Почти полтора года Чубуков летал ведомым Покрышева. Он прошел хорошую школу и принял от своего учителя эстафету – командовал покрышевской эскадрильей. Окончил войну Федор Чубуков прославленным асом – сбил тридцать четыре самолета лично и пять – в группе. Свой рекорд он установил 28 марта 1944 года, когда за день уничтожил четыре фашистских самолета. В том же году ему присвоили звание Героя Советского Союза.

 
О Чубукове в полку говорили: «В нем чувствуется покрышевская хватка».
 
 
ГВАРДЕЙЦЫ
 
 
Аэродром полка находился недалеко от Волхова. Раньше здесь не базировались военные самолеты. Но шквал войны докатился и до этих краев. Приблизившийся фронт залпами тысяч орудий разорвал тишину заладожских лесов. Окопы и укрепления исчертили леса, топи и торфяные поля. Перекочевала в эти места и авиация.
За короткое время строители укатали под взлетные полосы поля, на которых прежде колосилась рожь да беспечно цвела картошка, понастроили блиндажи и землянки, проложили дороги.
Такие полевые аэродромы появлялись осенью и суровой зимой 1941/42 года за Ладогой, всего в нескольких километрах от линии фронта. Подобное соседство доставляло дополнительные хлопоты. Временами вражеская артиллерия вела по аэродрому интенсивный огонь. Летчики не оставались в долгу. Вылетая на задание, они обстреливали из пушек и пулеметов вражеские позиции.
В этот ноябрьский день стояла нелетная погода Низкая облачность плотной шапкой прикрывала землю Летчики, ознакомившись утром в штабе с обстановкой, разошлись по домам и землянкам. От нечего делать забивали «козла», писали домой письма, слушали игру на баяне Феди Чубукова. Погода обрекла полк на бездействие.
Вечером в штабе собрались на совет командиры.
 

– Дела, прямо скажем, неважные. – Матвеев низко наклонился над картой, внимательно рассматривая ее при тусклом свете коптилки.
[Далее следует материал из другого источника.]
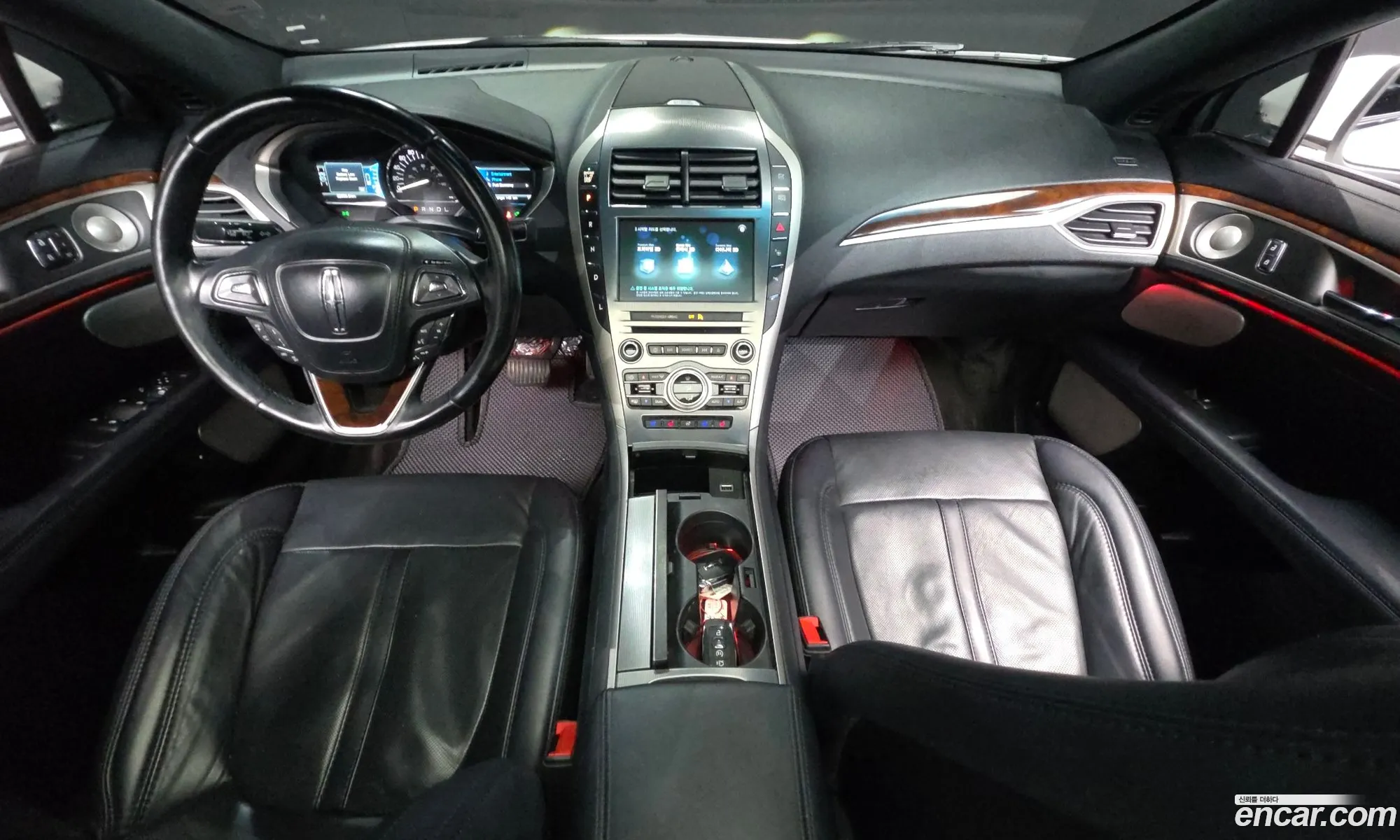 Lincoln MKZ 2018 3LN6L5MU1JR609266 — 15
Рядом сидели заместитель командира полка Пилютов, начальник штаба Минеев. Напротив, на скамейке, расположились начальники служб, командиры эскадрилий Зеленое и Покрышев, их заместители.

– Задачи перед полком остаются прежние. – Матвеев выпрямился, обвел взглядом командиров. – Первая – прикрывать Волховстрой, мост через реку Волхов, базу Кобона и «Дорогу жизни» через Ладожское озеро. И вторая – сопровождать транспортные самолеты по маршруту Тихвин – Ленинград – Тихвин и Плеханове– Хвойная – Плеханове. Как установится погода – будьте готовы.

– А на чем воевать? – подал реплику Зеленов. – Машин-то осталось мало.

Наступило молчание. В боях полк потерял много самолетов, а пополнение всё не поступало. И теперь каждый истребитель был на учете.

– Обещают, – прервал молчание Матвеев. – А пока придется воевать на том, что есть. Инженер обещал отремонтировать три поврежденные машины.

В это время дверь открылась, и, потирая руки от мороза, вошел старший инженер полка Шатаев.